The entire cast then turns to look straight down the barrel of the camera for several seconds, in a rare breaking of television’s fourth wall.
“It wasn’t in the script,” Cameron Bure reveals. “We did it for the writers and the producers in a (scene) run-through as a joke. It was a funny joke, but it was so funny that we said, ‘let’s do it for the cameras’.”
So successful is the tactic that the stars now jokingly disagree about whose idea it was.
“We thought it came from the director but John Stamos insists it was his idea,” Cameron Bure laughs.
While this series includes plenty of nostalgic nods to the original, the plot is entirely new — it focuses on DJ, a recently widowed mother of three boys, as she moves back to her family home in San Francisco to start fresh.
Her sister Stephanie (Jodie Sweetin) and lifelong best friend Kimmy (Andrea Barber) also move in to lend a hand. The wider original cast will visit from time to time.

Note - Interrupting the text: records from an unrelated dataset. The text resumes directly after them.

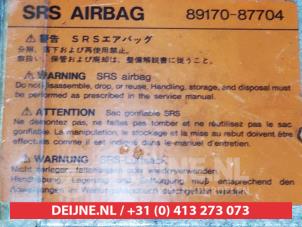 Daihatsu Gran Move Airbag Module O303352 foto 4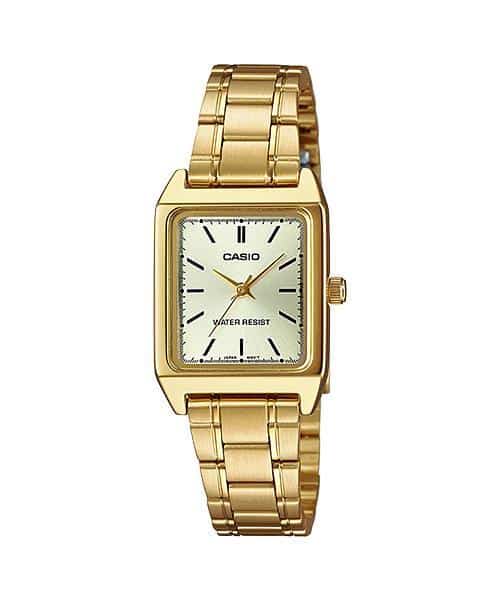 Casio para Mujer – LTP-V007G-9E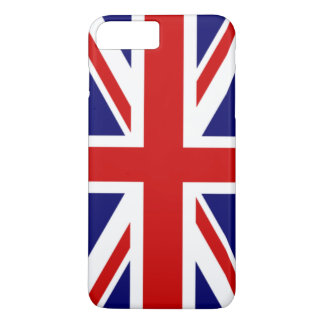 Coques Pour iPhone Drapeau Union Jack du Royaume-Uni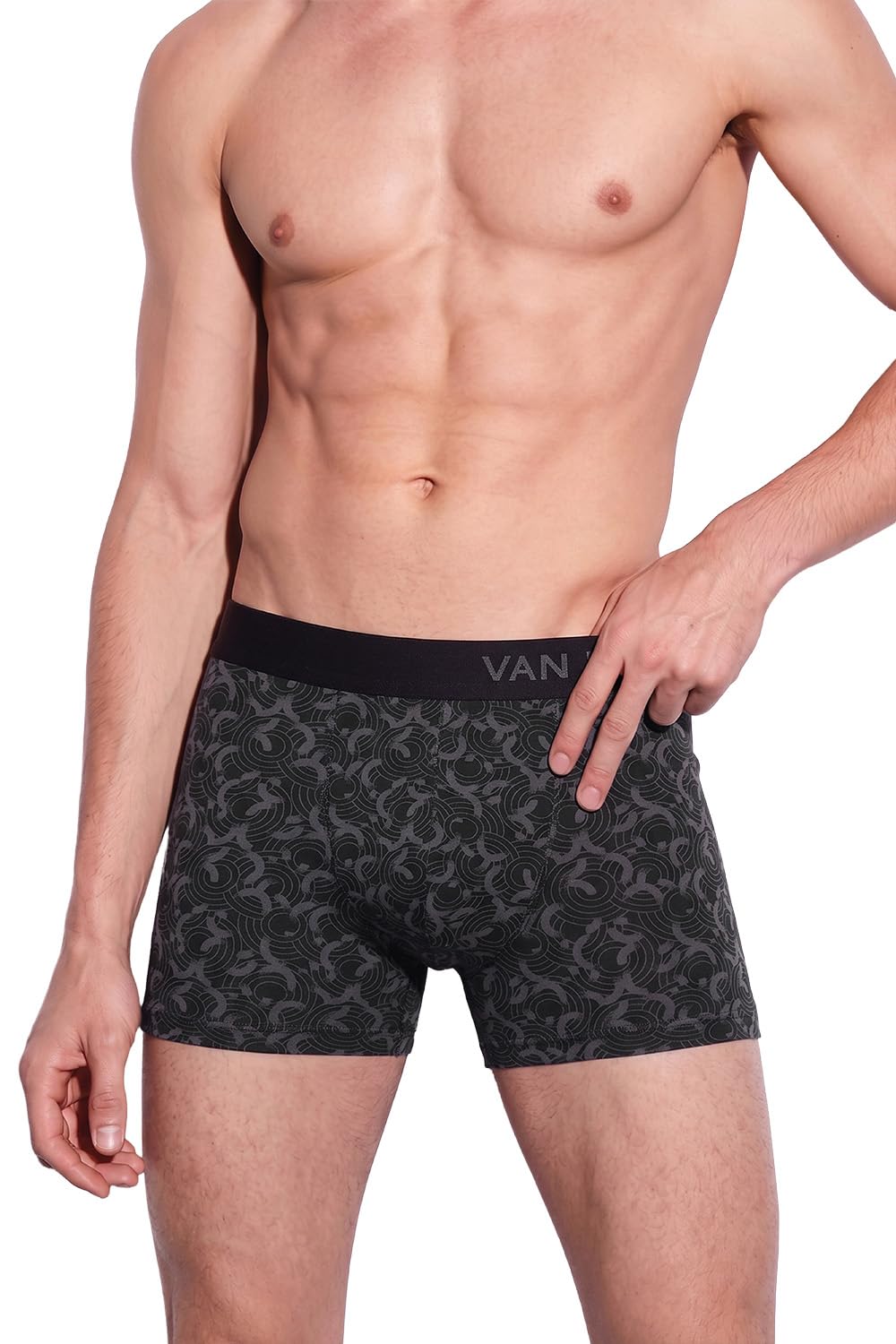 van heusen Men's Cotton Trunks-picture-42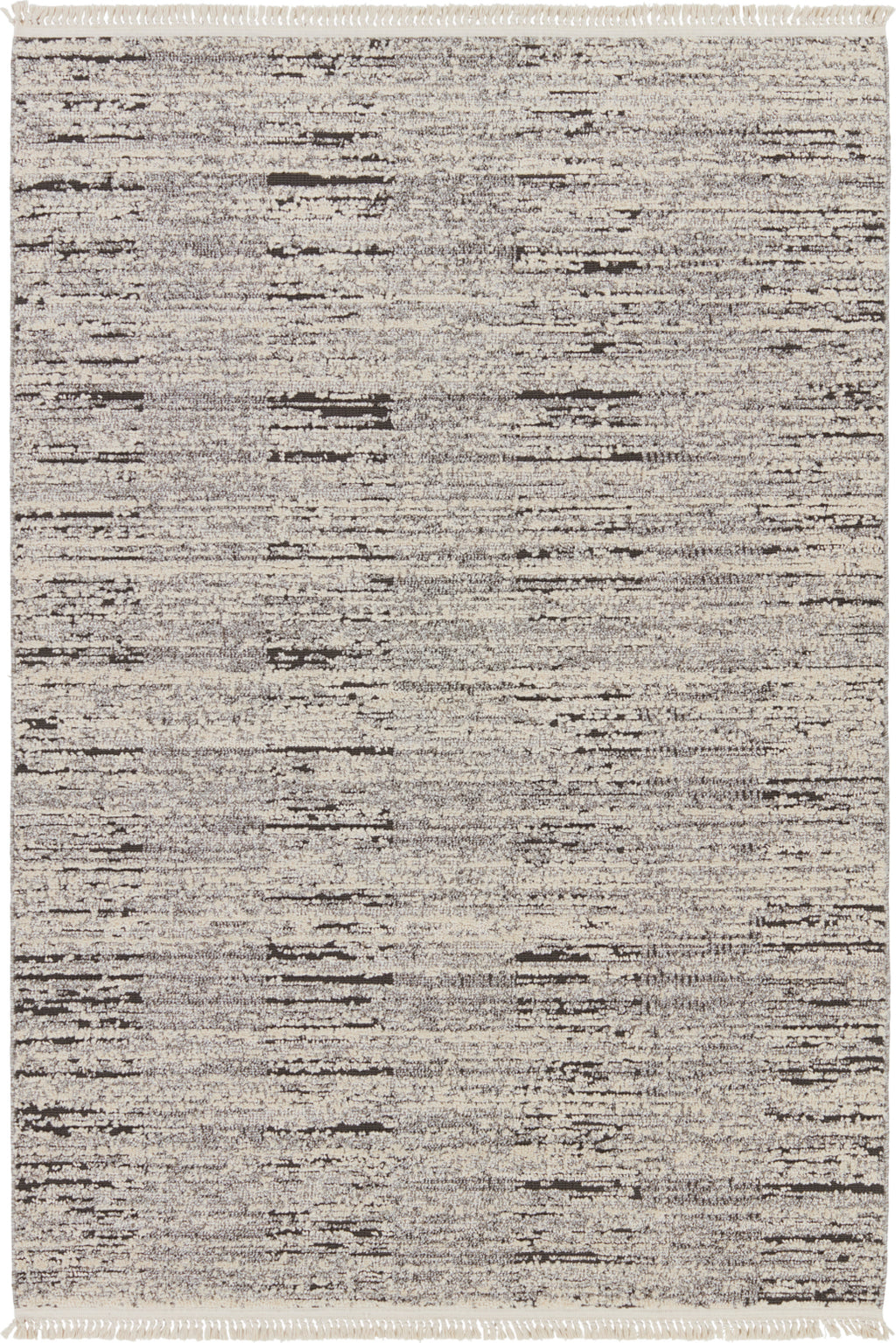 Jaipur Living Lore Duna LRE04 Gray/Cream Area Rug Incredible Rugs and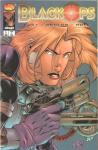 Black Ops #5 June 1996 (Image Comics) - фото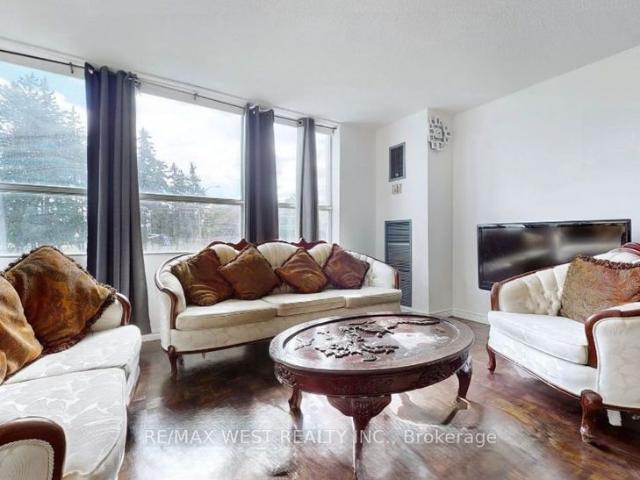 For Lease 40 Panorama Court Unit# 106, Toronto, Ontario
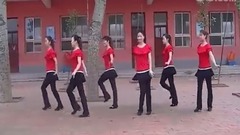 广场舞今夜舞起来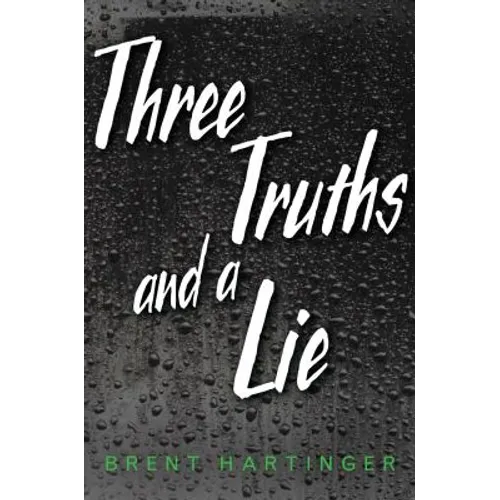 Three Truths and a Lie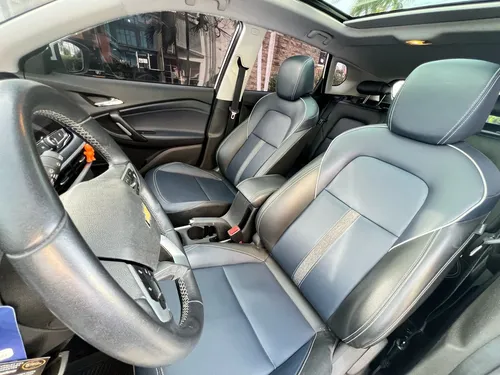 Chevrolet Tracker 1.8 Premier Awd At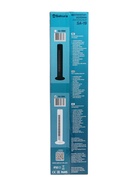 Вентилятор Sakura SA-19W, колонный, напольный, 45 Вт, 80 см, 3 режима, механический, белый - Фото 8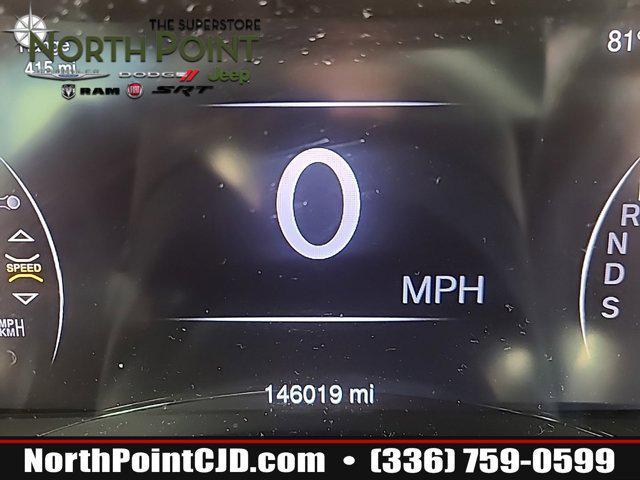 used 2015 Jeep Grand Cherokee car, priced at $11,807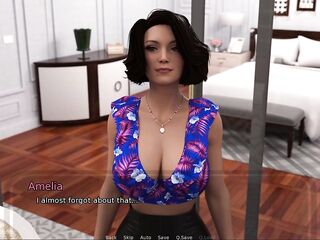 Grandmas House 134 Ive Made Amy Cum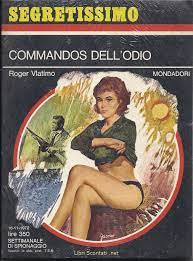 Commandos dell'odio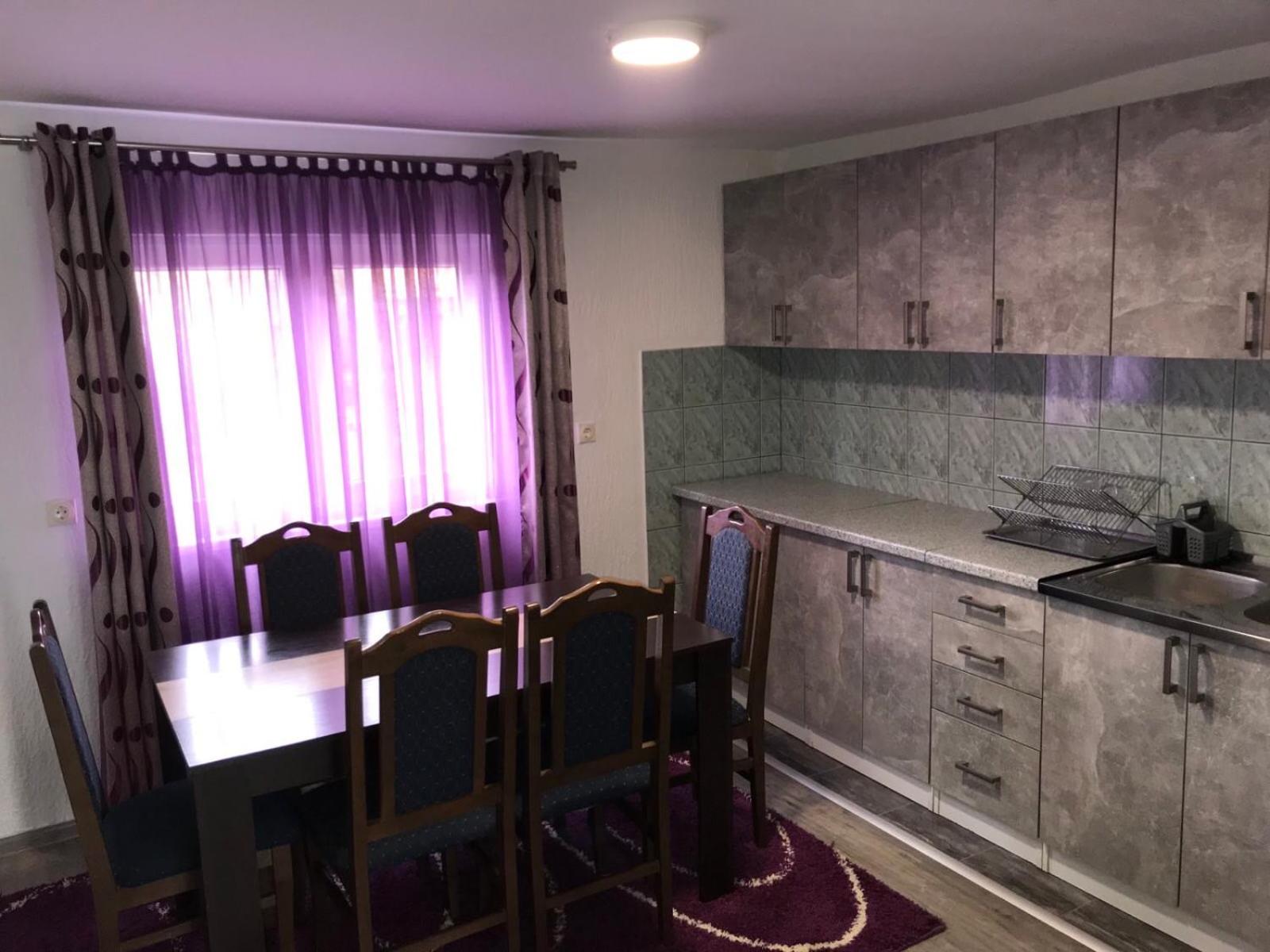 Apartman Luković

“It’s a big family and we want them there,” creator Jeff Franklin says. “But this is a show centred around these three women, and so as you’ll see as the episodes go along, the visits become more sporadic. It’s really about (the trio’s) lives and their children, and what the next generation has become.”
Netflix ordered 13 episodes of Fuller House but has left the door open to another season, depending on the reception to the remake.
And should that happen, executive producer Bob Boyett will have another go at convincing the Olsen twins to sign on.
“We only need one of them,” Boyett says. “We’re hopeful at some point in the future they may change their minds and come back and reprise Michelle. We’re still hopeful that will happen.”